--- The input Enclosed Below ---

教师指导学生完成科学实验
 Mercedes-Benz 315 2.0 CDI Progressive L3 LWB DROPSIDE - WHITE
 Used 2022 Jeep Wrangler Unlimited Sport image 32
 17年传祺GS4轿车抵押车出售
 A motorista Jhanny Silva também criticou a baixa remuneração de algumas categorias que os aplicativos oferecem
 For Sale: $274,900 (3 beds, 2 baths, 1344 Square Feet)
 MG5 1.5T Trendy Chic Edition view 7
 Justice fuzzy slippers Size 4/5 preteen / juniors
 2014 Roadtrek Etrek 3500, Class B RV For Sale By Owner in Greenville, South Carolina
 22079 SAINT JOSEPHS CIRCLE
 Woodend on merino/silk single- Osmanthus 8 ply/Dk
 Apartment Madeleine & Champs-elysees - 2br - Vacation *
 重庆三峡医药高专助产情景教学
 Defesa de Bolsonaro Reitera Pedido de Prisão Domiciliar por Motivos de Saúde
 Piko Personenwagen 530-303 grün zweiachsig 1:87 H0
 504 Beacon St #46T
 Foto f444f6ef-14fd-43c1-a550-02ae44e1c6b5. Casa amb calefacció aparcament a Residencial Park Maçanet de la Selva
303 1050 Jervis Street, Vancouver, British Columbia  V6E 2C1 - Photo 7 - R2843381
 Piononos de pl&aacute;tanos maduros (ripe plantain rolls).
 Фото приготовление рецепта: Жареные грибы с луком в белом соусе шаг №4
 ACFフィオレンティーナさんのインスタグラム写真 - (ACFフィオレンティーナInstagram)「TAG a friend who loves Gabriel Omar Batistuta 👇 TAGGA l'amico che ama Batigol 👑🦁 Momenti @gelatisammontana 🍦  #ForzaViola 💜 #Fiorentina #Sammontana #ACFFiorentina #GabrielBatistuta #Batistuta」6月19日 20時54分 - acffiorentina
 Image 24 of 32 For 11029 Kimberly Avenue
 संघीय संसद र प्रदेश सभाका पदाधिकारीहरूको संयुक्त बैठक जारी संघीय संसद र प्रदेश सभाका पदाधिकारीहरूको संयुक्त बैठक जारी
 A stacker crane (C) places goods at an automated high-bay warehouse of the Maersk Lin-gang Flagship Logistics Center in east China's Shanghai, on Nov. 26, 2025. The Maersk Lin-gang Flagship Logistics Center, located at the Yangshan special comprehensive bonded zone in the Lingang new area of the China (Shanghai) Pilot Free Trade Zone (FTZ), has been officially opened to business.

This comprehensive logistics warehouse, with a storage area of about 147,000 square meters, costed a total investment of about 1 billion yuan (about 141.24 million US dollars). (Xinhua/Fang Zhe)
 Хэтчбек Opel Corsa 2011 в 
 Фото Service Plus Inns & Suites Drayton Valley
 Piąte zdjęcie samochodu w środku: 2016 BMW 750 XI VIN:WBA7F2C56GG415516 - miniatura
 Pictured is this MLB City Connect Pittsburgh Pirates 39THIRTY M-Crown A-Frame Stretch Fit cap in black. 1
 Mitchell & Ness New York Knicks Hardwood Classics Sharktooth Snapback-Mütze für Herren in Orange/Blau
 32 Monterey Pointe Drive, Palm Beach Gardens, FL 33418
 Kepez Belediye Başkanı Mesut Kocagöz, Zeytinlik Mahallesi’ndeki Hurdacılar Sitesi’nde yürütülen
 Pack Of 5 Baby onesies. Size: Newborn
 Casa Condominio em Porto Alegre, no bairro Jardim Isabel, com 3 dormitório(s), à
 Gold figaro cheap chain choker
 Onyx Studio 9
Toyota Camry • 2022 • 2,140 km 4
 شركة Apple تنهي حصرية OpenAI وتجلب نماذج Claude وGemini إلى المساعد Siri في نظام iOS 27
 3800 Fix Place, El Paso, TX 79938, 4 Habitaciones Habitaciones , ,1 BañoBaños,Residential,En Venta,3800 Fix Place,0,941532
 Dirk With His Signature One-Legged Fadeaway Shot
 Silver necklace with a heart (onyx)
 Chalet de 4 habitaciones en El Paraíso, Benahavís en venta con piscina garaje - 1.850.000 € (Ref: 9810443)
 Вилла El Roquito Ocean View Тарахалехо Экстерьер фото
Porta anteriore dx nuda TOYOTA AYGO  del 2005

--- End of Enclosed The input ---

Reproduce all the records shown above, unchanged.

教师指导学生完成科学实验
 Mercedes-Benz 315 2.0 CDI Progressive L3 LWB DROPSIDE - WHITE
 Used 2022 Jeep Wrangler Unlimited Sport image 32
 17年传祺GS4轿车抵押车出售
 A motorista Jhanny Silva também criticou a baixa remuneração de algumas categorias que os aplicativos oferecem
 For Sale: $274,900 (3 beds, 2 baths, 1344 Square Feet)
 MG5 1.5T Trendy Chic Edition view 7
 Justice fuzzy slippers Size 4/5 preteen / juniors
 2014 Roadtrek Etrek 3500, Class B RV For Sale By Owner in Greenville, South Carolina
 22079 SAINT JOSEPHS CIRCLE
 Woodend on merino/silk single- Osmanthus 8 ply/Dk
 Apartment Madeleine & Champs-elysees - 2br - Vacation *
 重庆三峡医药高专助产情景教学
 Defesa de Bolsonaro Reitera Pedido de Prisão Domiciliar por Motivos de Saúde
 Piko Personenwagen 530-303 grün zweiachsig 1:87 H0
 504 Beacon St #46T
 Foto f444f6ef-14fd-43c1-a550-02ae44e1c6b5. Casa amb calefacció aparcament a Residencial Park Maçanet de la Selva
303 1050 Jervis Street, Vancouver, British Columbia  V6E 2C1 - Photo 7 - R2843381
 Piononos de pl&aacute;tanos maduros (ripe plantain rolls).
 Фото приготовление рецепта: Жареные грибы с луком в белом соусе шаг №4
 ACFフィオレンティーナさんのインスタグラム写真 - (ACFフィオレンティーナInstagram)「TAG a friend who loves Gabriel Omar Batistuta 👇 TAGGA l'amico che ama Batigol 👑🦁 Momenti @gelatisammontana 🍦  #ForzaViola 💜 #Fiorentina #Sammontana #ACFFiorentina #GabrielBatistuta #Batistuta」6月19日 20時54分 - acffiorentina
 Image 24 of 32 For 11029 Kimberly Avenue
 संघीय संसद र प्रदेश सभाका पदाधिकारीहरूको संयुक्त बैठक जारी संघीय संसद र प्रदेश सभाका पदाधिकारीहरूको संयुक्त बैठक जारी
 A stacker crane (C) places goods at an automated high-bay warehouse of the Maersk Lin-gang Flagship Logistics Center in east China's Shanghai, on Nov. 26, 2025. The Maersk Lin-gang Flagship Logistics Center, located at the Yangshan special comprehensive bonded zone in the Lingang new area of the China (Shanghai) Pilot Free Trade Zone (FTZ), has been officially opened to business.

This comprehensive logistics warehouse, with a storage area of about 147,000 square meters, costed a total investment of about 1 billion yuan (about 141.24 million US dollars). (Xinhua/Fang Zhe)
 Хэтчбек Opel Corsa 2011 в 
 Фото Service Plus Inns & Suites Drayton Valley
 Piąte zdjęcie samochodu w środku: 2016 BMW 750 XI VIN:WBA7F2C56GG415516 - miniatura
 Pictured is this MLB City Connect Pittsburgh Pirates 39THIRTY M-Crown A-Frame Stretch Fit cap in black. 1
 Mitchell & Ness New York Knicks Hardwood Classics Sharktooth Snapback-Mütze für Herren in Orange/Blau
 32 Monterey Pointe Drive, Palm Beach Gardens, FL 33418
 Kepez Belediye Başkanı Mesut Kocagöz, Zeytinlik Mahallesi’ndeki Hurdacılar Sitesi’nde yürütülen
 Pack Of 5 Baby onesies. Size: Newborn
 Casa Condominio em Porto Alegre, no bairro Jardim Isabel, com 3 dormitório(s), à
 Gold figaro cheap chain choker
 Onyx Studio 9
Toyota Camry • 2022 • 2,140 km 4
 شركة Apple تنهي حصرية OpenAI وتجلب نماذج Claude وGemini إلى المساعد Siri في نظام iOS 27
 3800 Fix Place, El Paso, TX 79938, 4 Habitaciones Habitaciones , ,1 BañoBaños,Residential,En Venta,3800 Fix Place,0,941532
 Dirk With His Signature One-Legged Fadeaway Shot
 Silver necklace with a heart (onyx)
 Chalet de 4 habitaciones en El Paraíso, Benahavís en venta con piscina garaje - 1.850.000 € (Ref: 9810443)
 Вилла El Roquito Ocean View Тарахалехо Экстерьер фото
Porta anteriore dx nuda TOYOTA AYGO  del 2005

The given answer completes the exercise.